6.10.10

As lições do futebol

11 de Julho – Ainda o desporto-rei. O homem que mudou para sempre o destino do futebol espanhol é um tipo meio estranho, daqueles para quem se olha e dificilmente se acredita que está ali um astro dos relvados. Na edição de ontem da “Marca”, Roberto Palomar assinava uma coluna de opinião que retratava o herói do momento: “Visto de perto, Iniesta poderia ser um profissional de qualquer coisa menos de futebol. Podia ser um repositor de fruta ou um funcionário do Ministério da Agricultura. Qualquer coisa, mas nunca futebolista. Limpo de tatuagens, brincos ou pulseiras, pálido como leite, calvo, só se lhe conhecem duas excentricidades: um dia mandou calar Cristiano Ronaldo e agora atreveu-se a mostrar uma camisola com uma mensagem para Dani Jarque.”
De facto, está ali tudo menos o símbolo da estrela dos novos tempos. A subida aos céus de um jogador assim, tão discreto, deve ser uma dor de cabeça para os tubarões do marketing, que devem andar em palpos de aranha para perceber como vão conseguir pôr Iniesta a vender qualquer coisa.
Quando Sara Carbonero o entrevistava, no final do Espanha-Holanda, o jogador do Barcelona ouvia-se a custo e não era por causa das vuvuzelas. O tom de voz de sempre, acabrunhado, quase a pedir desculpa por ali estar. Ontem chegava a ser difícil encontrá-lo nas fotografias de celebração que foram publicadas nos vários jornais espanhóis. Provavelmente, não aprecia grandes festas nem confusões e, por isso, prefere ficar no seu cantinho.
Há pessoas assim: que nasceram para jogar e nada mais. Há cada vez menos, é verdade, mas ainda há. E, para além de jogar, este ainda ganha. Mundial’2010, Euro’2008, duas Ligas dos Campeões (2006 e 2009), quatro campeonatos de Espanha (2004/05; 2005/06; 2008/09; 2009/10), uma Supertaça Europeia (2009), três Supertaças de Espanha (2005, 2006 e 2009), uma Taça do Rei (2008/09) e um Campeonato Mundial de Clubes (2009). Se gostasse de falar, veja-se bem o que Andrés já não teria para contar.
12 de Julho – Os portugueses são assim: optimistas, sonhadores e arrogantes. Mas, por enquanto, uma das máximas do futebol diz que o campeão é sempre justo e esta Espanha merece mais do que todos os outros porque é, indiscutivelmente e sem margem para qualquer discussão, melhor do que todos os outros. Um percalço no primeiro jogo do Mundial não impediu que La Roja fizesse uma campanha fabulosa com constantes demonstrações de força, classe e um futebol capaz de maravilhar e criar unanimidade, porventura a coisa mais difícil de colher no universo futebolístico.

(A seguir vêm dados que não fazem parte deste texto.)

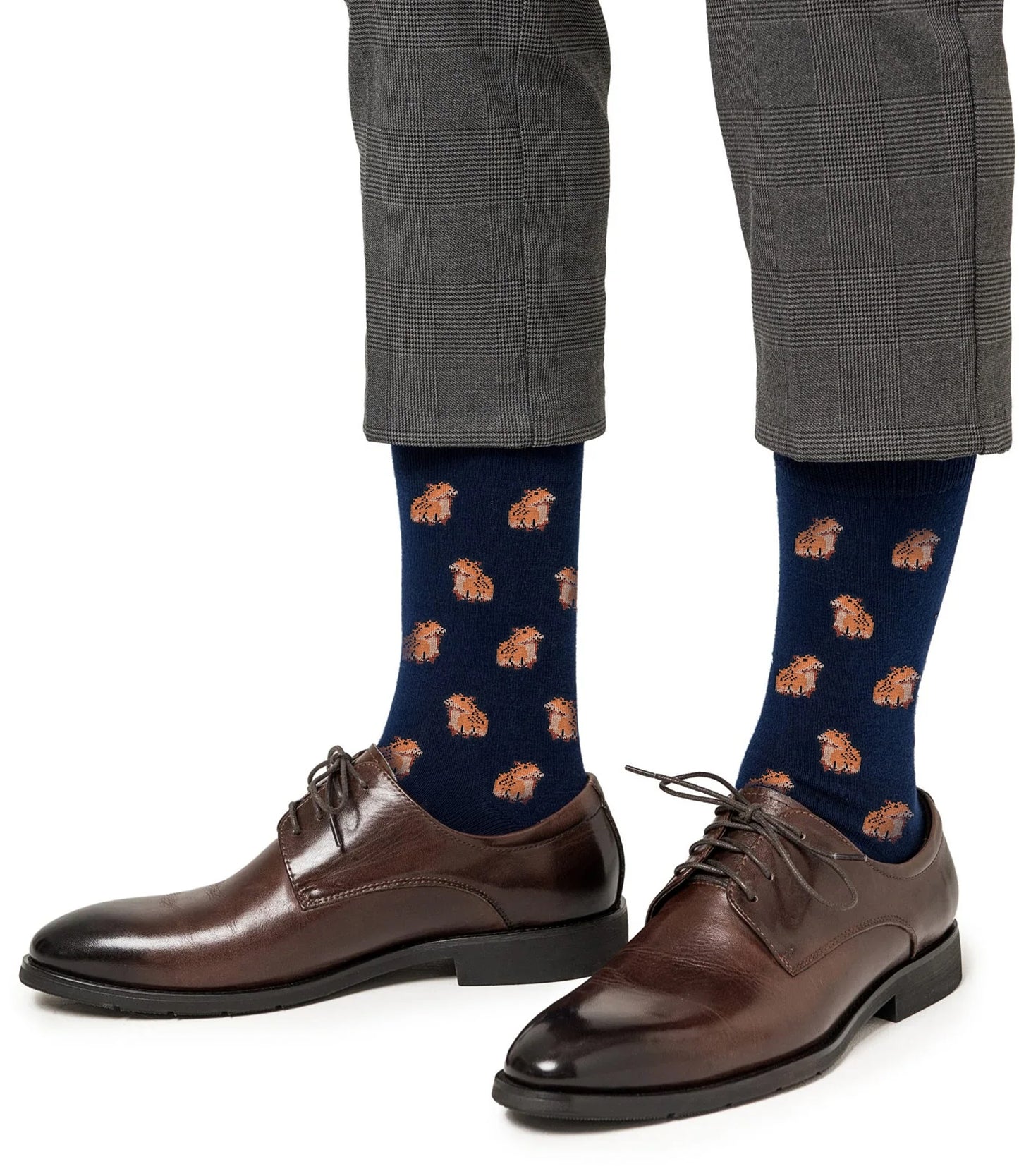A person wearing gray plaid trousers, Bin Chicken Socks, and brown dress shoes.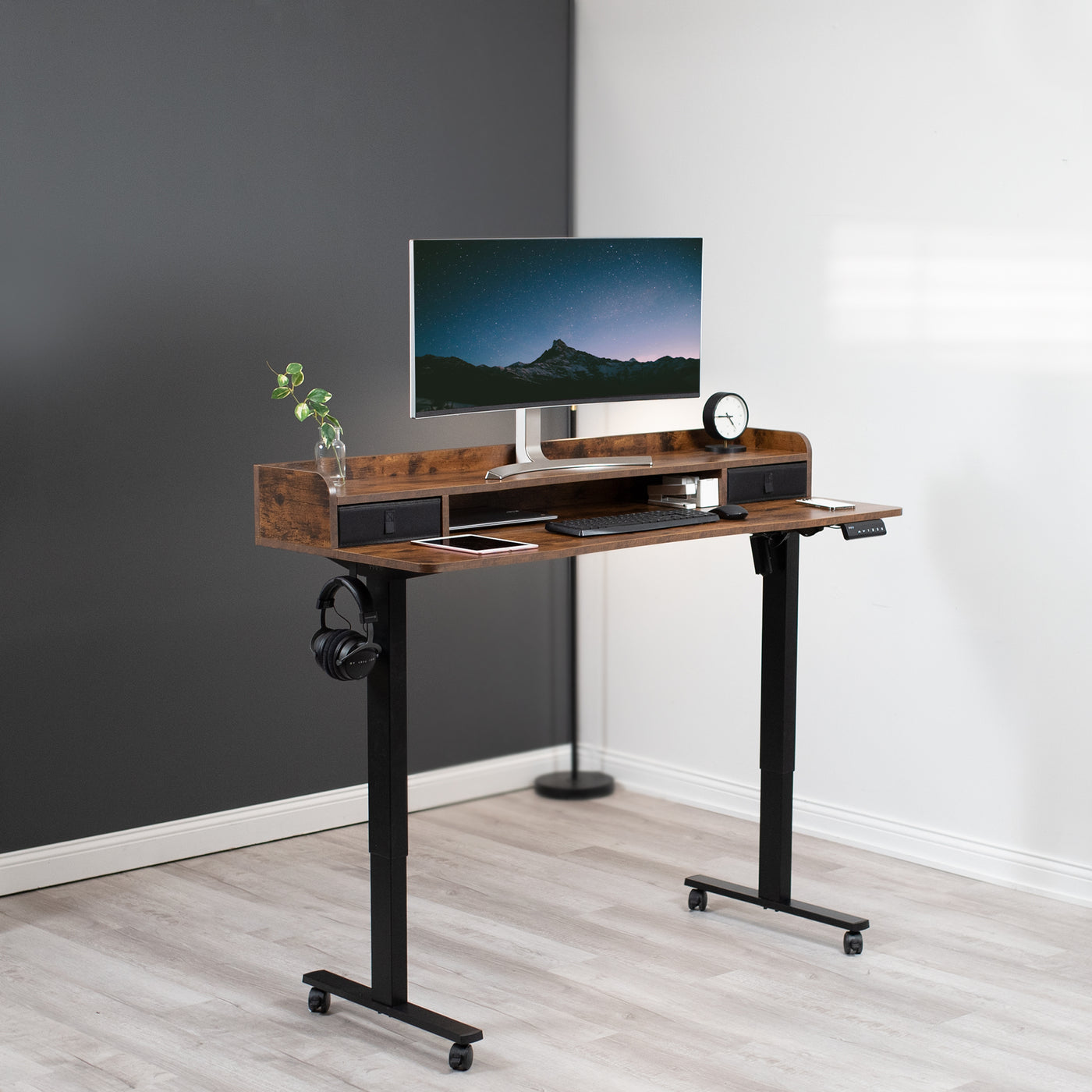 Rustic dual tier height adjustable mobile electric desk with storage drawers.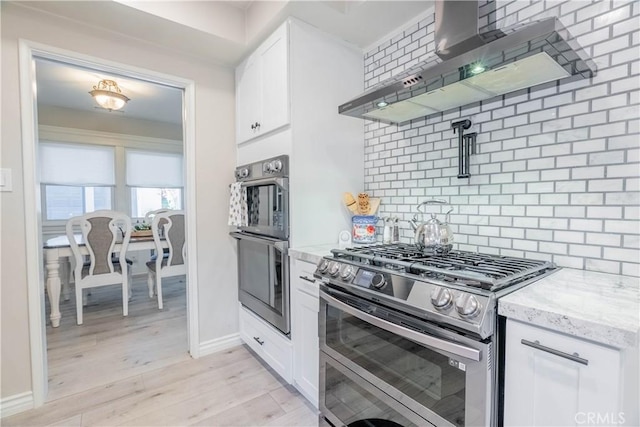 kitchen with appliances with stainless steel finishes, white cabinets, decorative backsplash, and wall chimney exhaust hood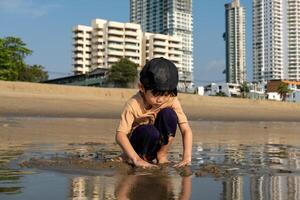 pequeno ásia Garoto jogando dentro a areia às a mar de praia foto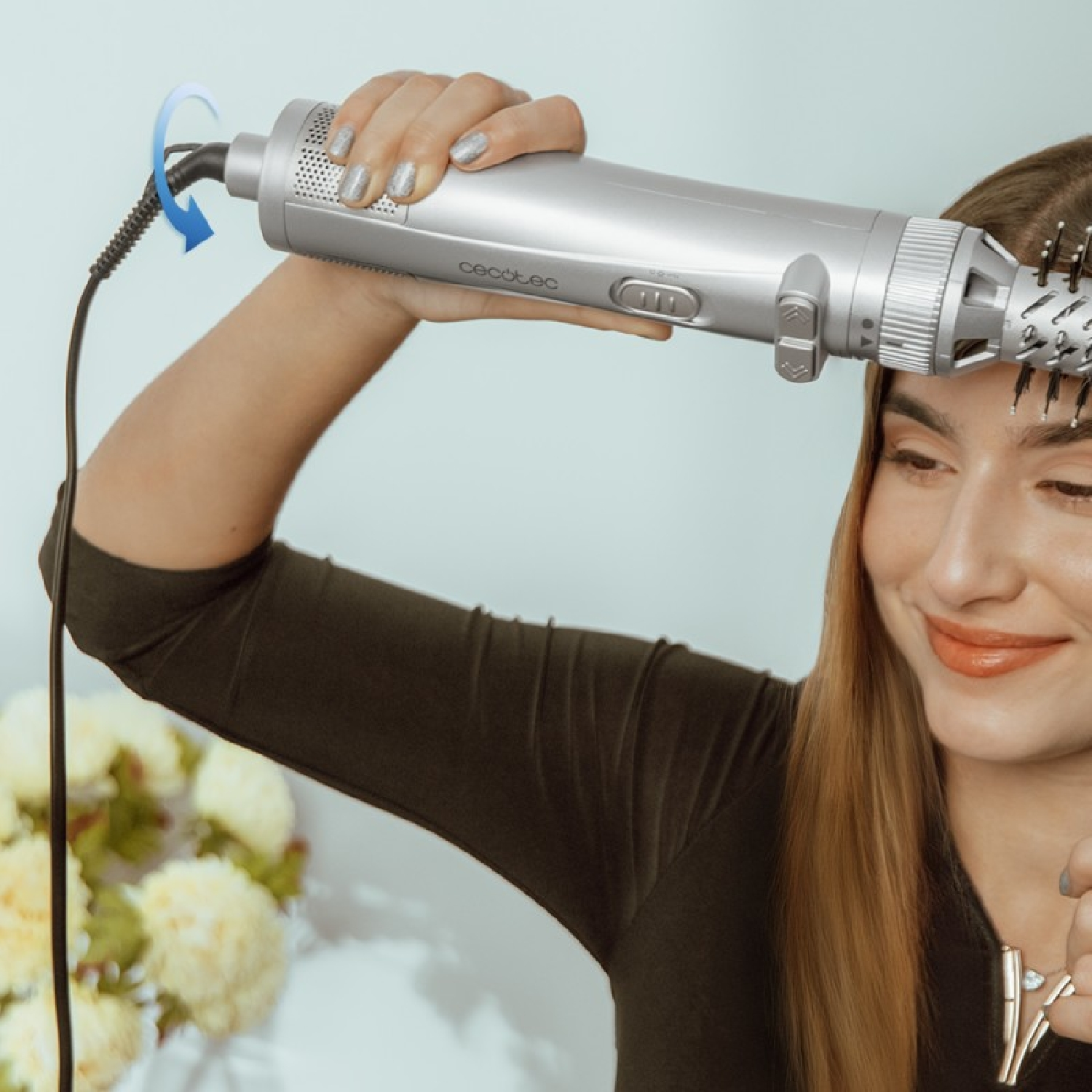 Una donna tiene in mano uno strumento per lo styling dei capelli, sorridendo, con fiori sullo sfondo.
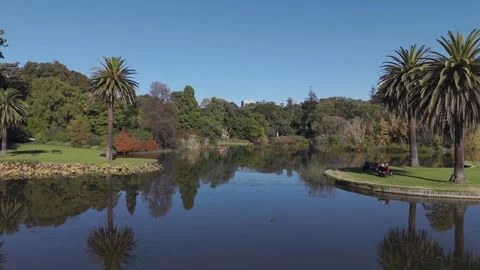 Glide Over Lake While Old Elderly Couple Sit At Park Bench In Park Gardens Stock Footage 274606137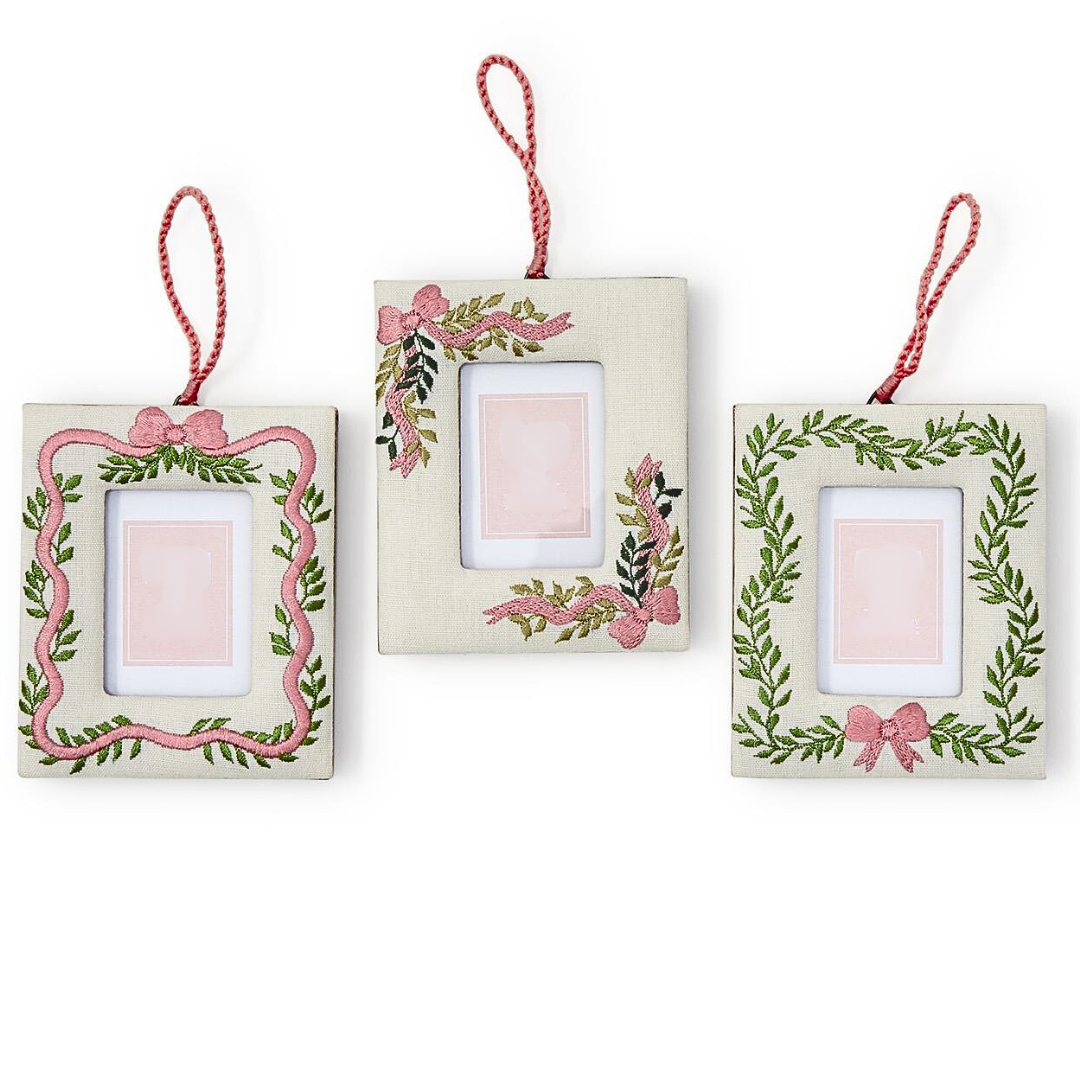 Set of three decorative picture frames with floral designs on a white background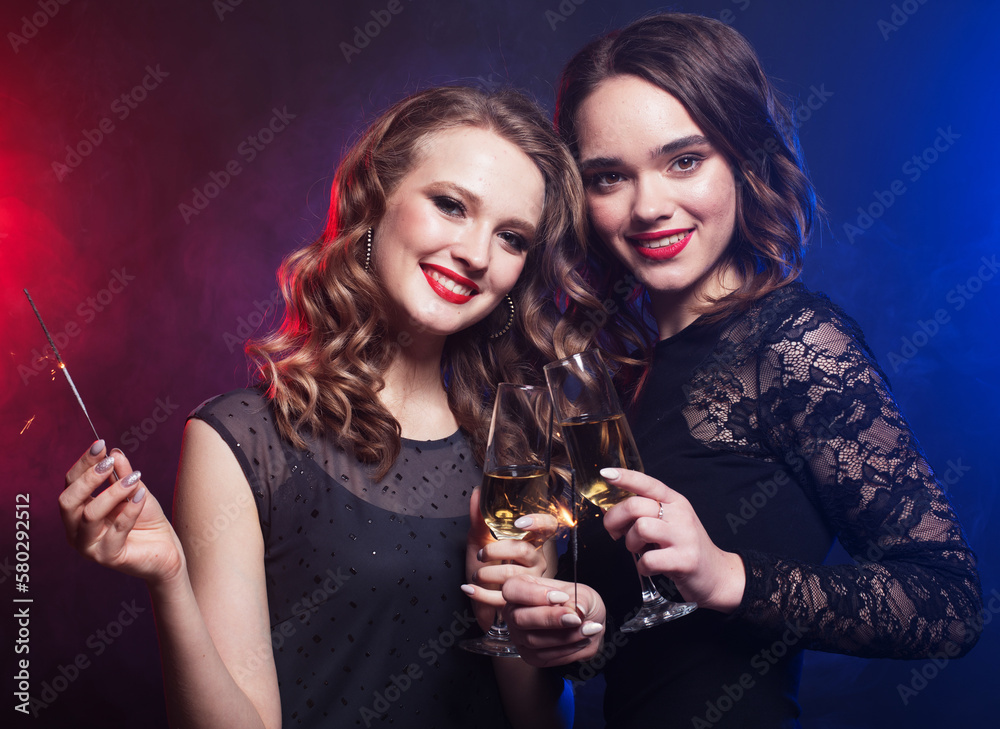 two cheerful beauty female friends holding sparklers and smile looking at the camera
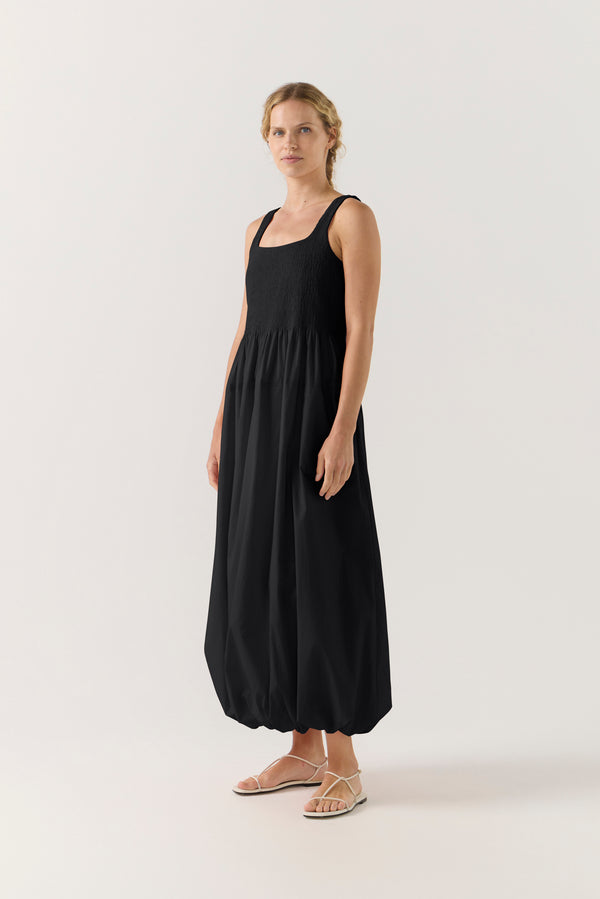 Woman wearing a black sleeveless dress on a white background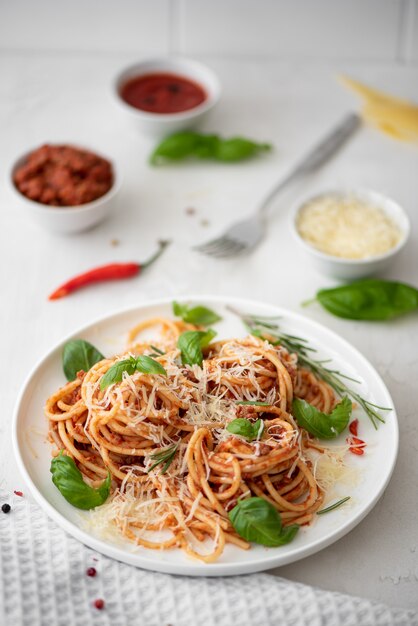 Spaghetti alla bolognese con basilico e parmigiano su un piatto bianco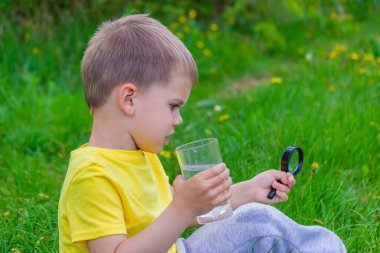 Çocuk bir bardakta büyüteçle suyu inceler. Seçici odaklanma. Çocuk.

As razões para este fenómeno espanhol não se resumem aos fantásticos jogadores de que dispõe. É muito mais que isso e deveria ser uma lição para Portugal. Depois de terem conseguido acabar com a malapata do “quase” no Euro’2008, os espanhóis mudaram de selecionador mas não mudaram de filosofia. Ao contrário do que sucedeu por cá, Del Bosque foi inteligente e humilde ao ponto de perceber que aquilo que está bem não se muda. Os profissionais competentes e seguros de si não necessitam de suscitar revoluções para darem o cunho pessoal. O técnico espanhol manteve a estrutura, a filosofia e tentou (e conseguiu) aumentar a qualidade, resistindo à pressão e até aos ataques ferozes do bem-sucedido antecessor. Até ao fim foi um gentleman e um profissional de extrema competência e por alguma razão são estes que têm sucesso e não outros.
Uma frase de Del Bosque, ontem depois da vitória na final sobre a Holanda, deve igualmente servir de exemplo para os portugueses. “Os jogadores merecem tudo. Estivemos juntos 50 dias e não houve qualquer problema ou incidente”, afirmou o novo campeão do Mundo. A seleção espanhola está recheada de estrelas mas nenhuma delas se julga acima de todas as outras, puxando unicamente para si os louros na hora das vitórias e a azia nas derrotas. Por isso Iniesta, Xavi e Casillas vão acabar as carreiras como campeões e senhores do futebol.
Com tudo isto, justificar, daqui em diante, o insucesso português com o facto de termos sido eliminados pelos campeões do Mundo é uma patetice e uma aberração. Gracias Espanha, pelo exemplo e pela ajuda para o Mundial’2018.